> _What the exercise asks_:
Retype every record exactly. Leave the pictures out.

=== Section Start ===

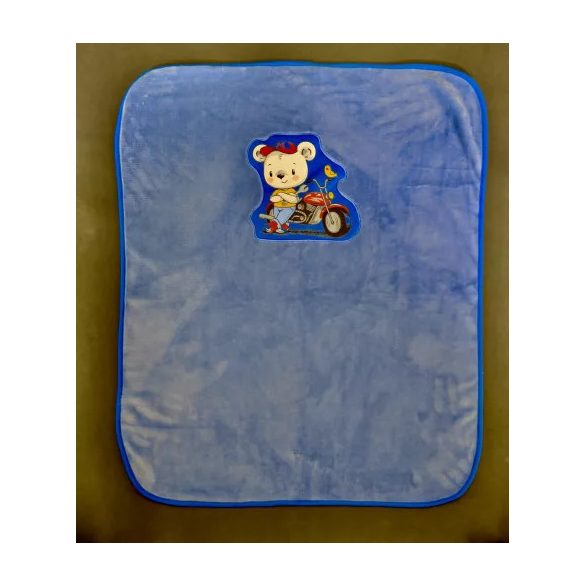 Baba takaró 70x90 KÉK/MACIS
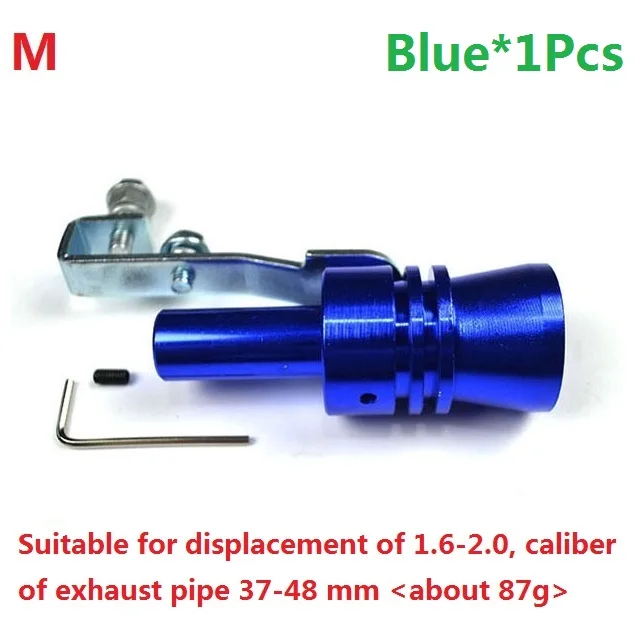 BlueM Motorcycle Car Exhaust Modified Muffler Universal Tail Pipes Sound Turbo Whiste Universal Modification Accessories 2020NEW Hot - Цвет: BlueM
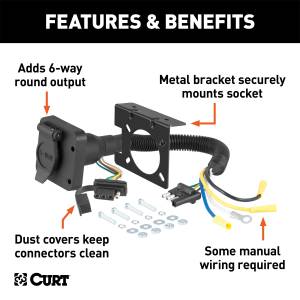 CURT - CURT Duplex Electrical Adapters 57604 - Image 2
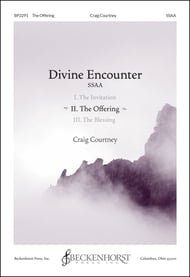Divine Encounter: II. The Offering SSAA choral sheet music cover Thumbnail
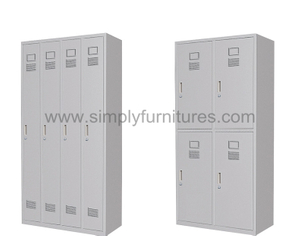 strong metal locker with 4 doors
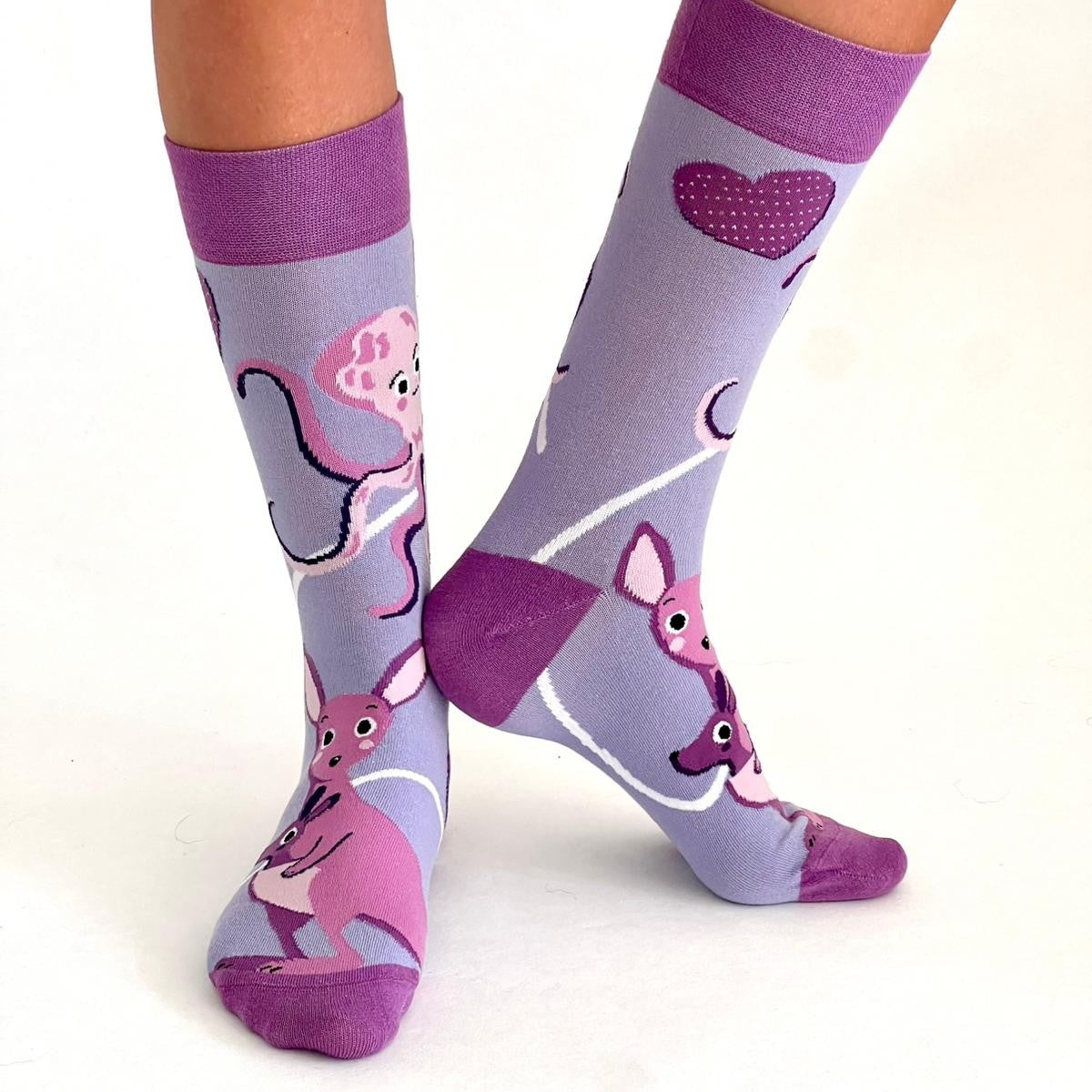 Frühchen & Neokinder Schweiz Socken violett / flieder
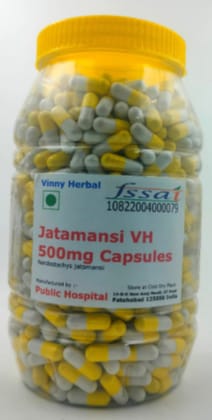 Jatamansi VH Herbal Supplement 500mg Capsules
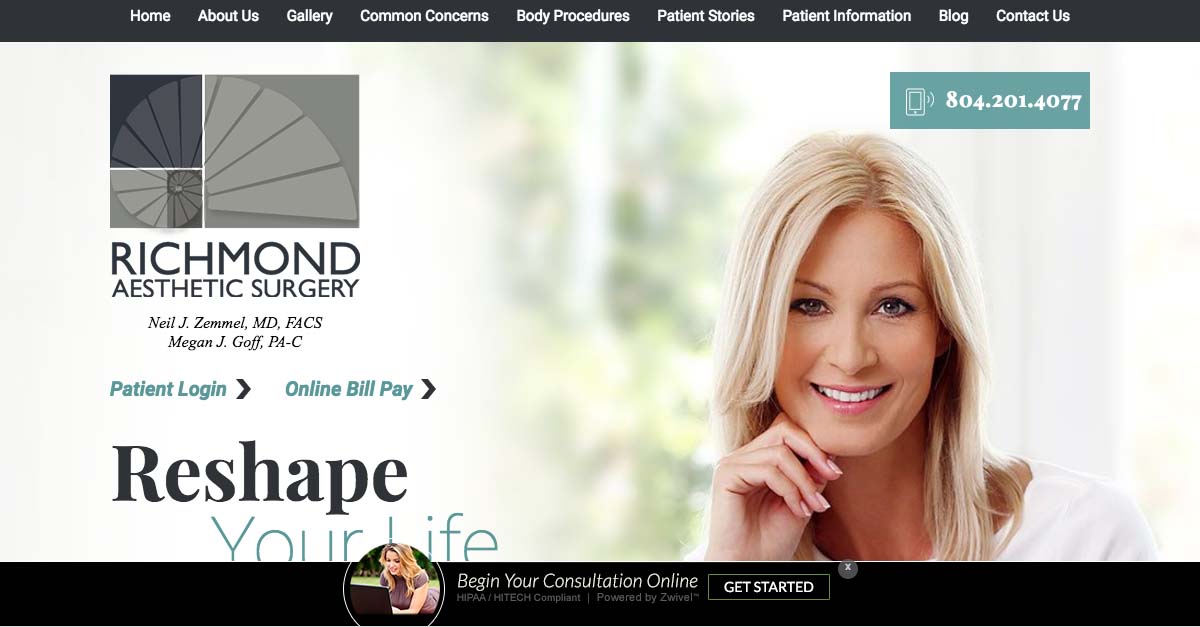 Richmond Aesthetic Surgery Launches Tummy Tuck Specialty Site
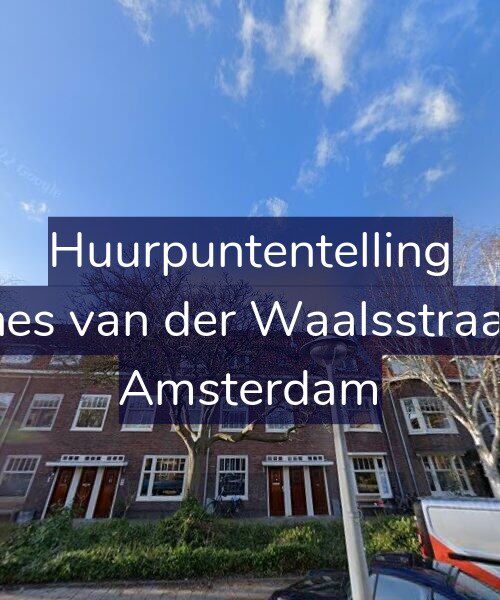 Foto gevel Huurpuntentelling voor Johannes van der Waalsstraat 27-1, Amsterdam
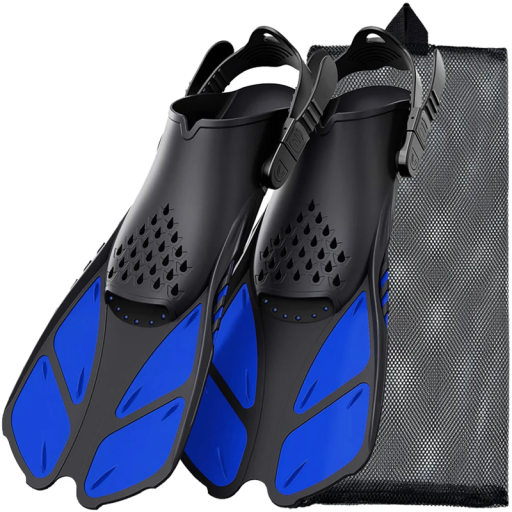 Labe de snorkel din silicon cu catarame reglabile Găuri pe călcâi Antiderapante ideale pentru scufundări și înot în mare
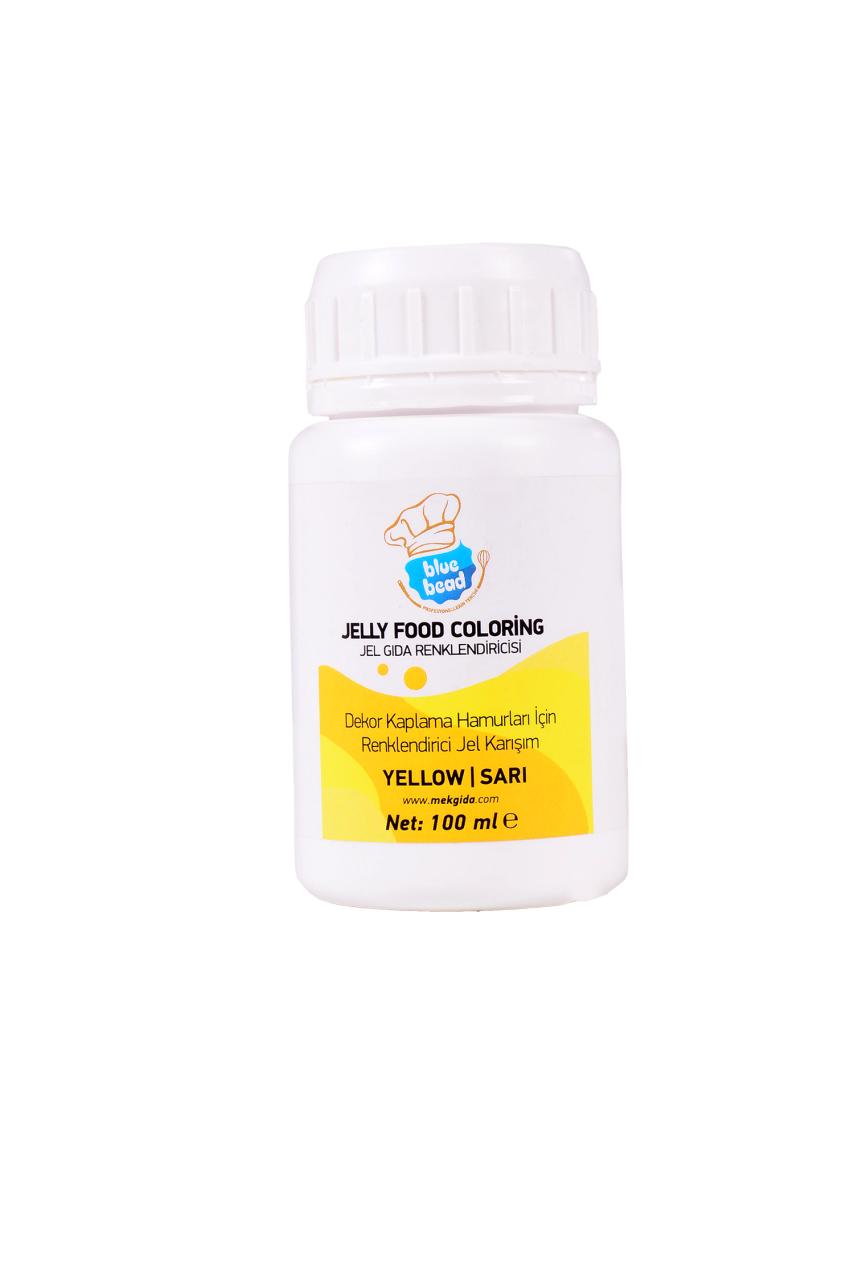 Blue Bead Sarı Jel Gıda Boyası  100 ml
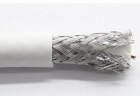 Коаксиальный кабель SAT 703B CCS/Al/Al 75%, PE-Foam/PVC, 85%, 75 Ом, белый 1м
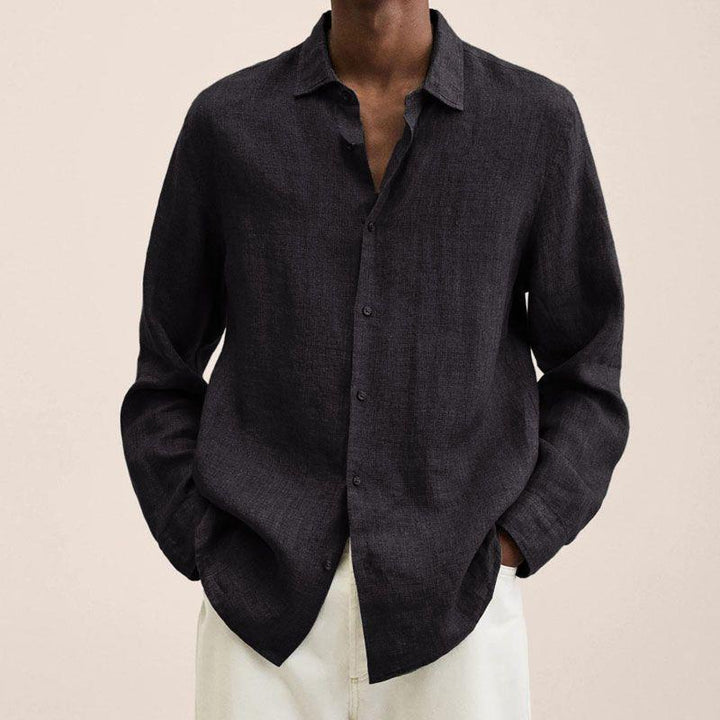 Matthias | Men's Lightweight Long Sleeve Shirt-Metro Lane Plaza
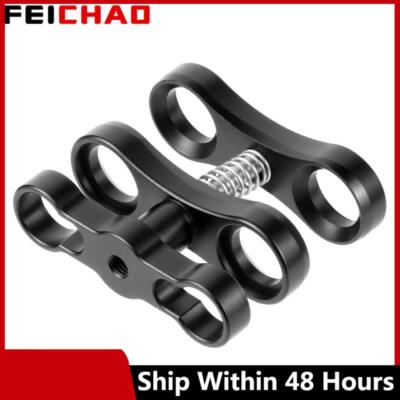Universal Diving Light Ball Butterfly Clip Arm Clamp Mount for GoPro Hero 11 10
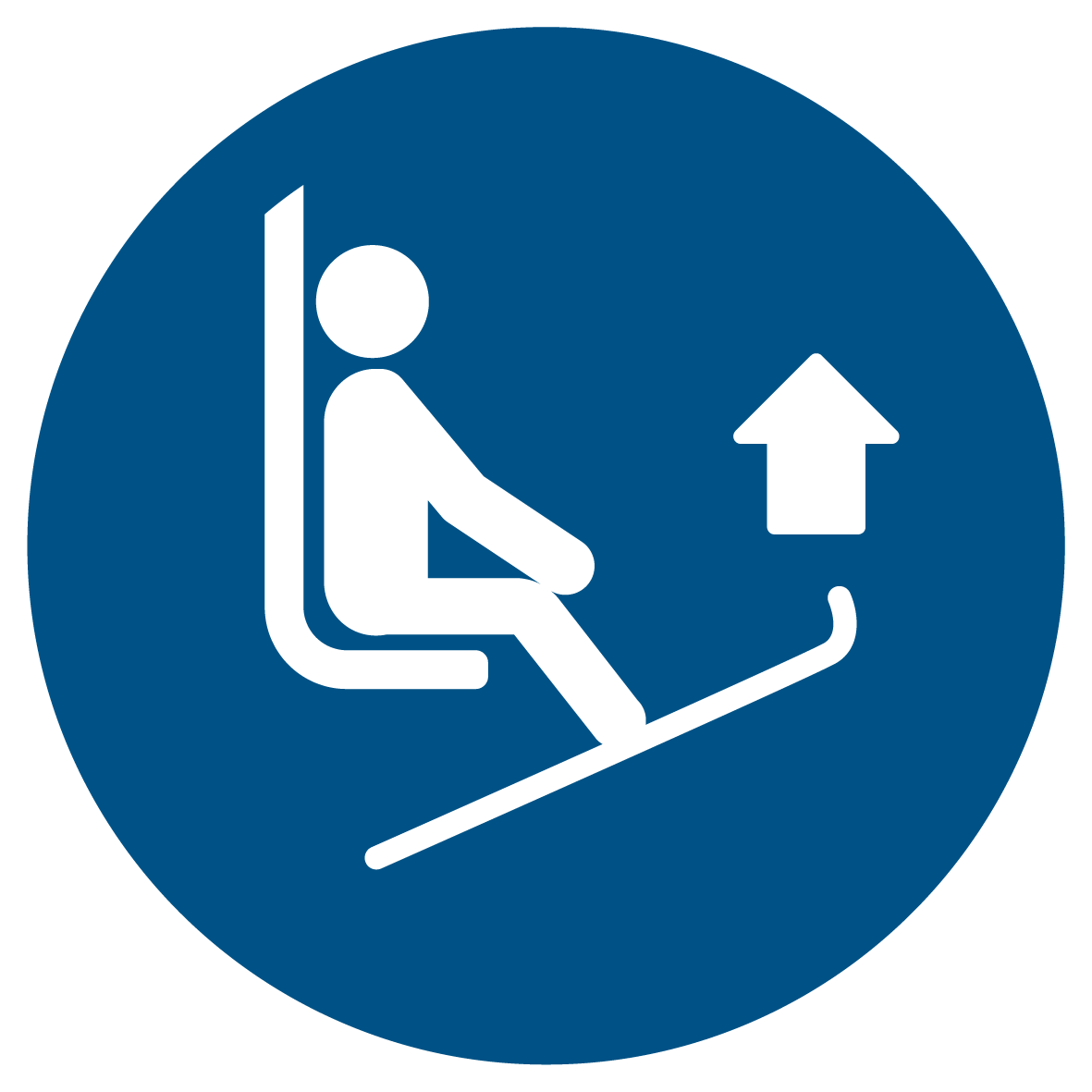 Gebotsschild - Skispitzen anheben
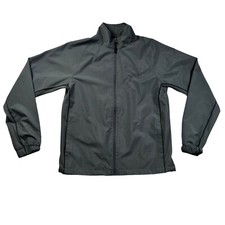 Champion Jacket Women's Long Sleeve Full Zip Lightweight Windbreaker Gray Small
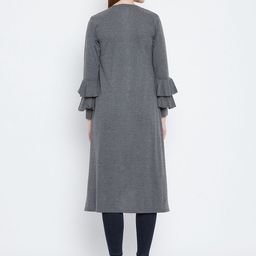 Hypernation Charcoal Solid Open Front Shrug image 4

=== Section End ===

> _Solution to this task_:
 Baba takaró 70x90 KÉK/MACIS
 BlueM Motorcycle Car Exhaust Modified Muffler Universal Tail Pipes Sound Turbo Whiste Universal Modification Accessories 2020NEW Hot - Цвет: BlueM
 CURT - CURT Duplex Electrical Adapters 57604 - Image 2
Divine Encounter: II. The Offering SSAA choral sheet music cover Thumbnail
 strong metal locker with 4 doors
 Frühchen & Neokinder Schweiz Socken violett / flieder
 Jatamansi VH Herbal Supplement 500mg Capsules
 Richmond Aesthetic Surgery Launches Tummy Tuck Specialty Site
 Foto gevel Huurpuntentelling voor Johannes van der Waalsstraat 27-1, Amsterdam
 Labe de snorkel din silicon cu catarame reglabile Găuri pe călcâi Antiderapante ideale pentru scufundări și înot în mare
 Blue Bead Sarı Jel Gıda Boyası  100 ml
 Коаксиальный кабель SAT 703B CCS/Al/Al 75%, PE-Foam/PVC, 85%, 75 Ом, белый 1м
 Matthias | Men's Lightweight Long Sleeve Shirt-Metro Lane Plaza
Universal Diving Light Ball Butterfly Clip Arm Clamp Mount for GoPro Hero 11 10
 Gebotsschild - Skispitzen anheben
 Champion Jacket Women's Long Sleeve Full Zip Lightweight Windbreaker Gray Small
 Hypernation Charcoal Solid Open Front Shrug image 4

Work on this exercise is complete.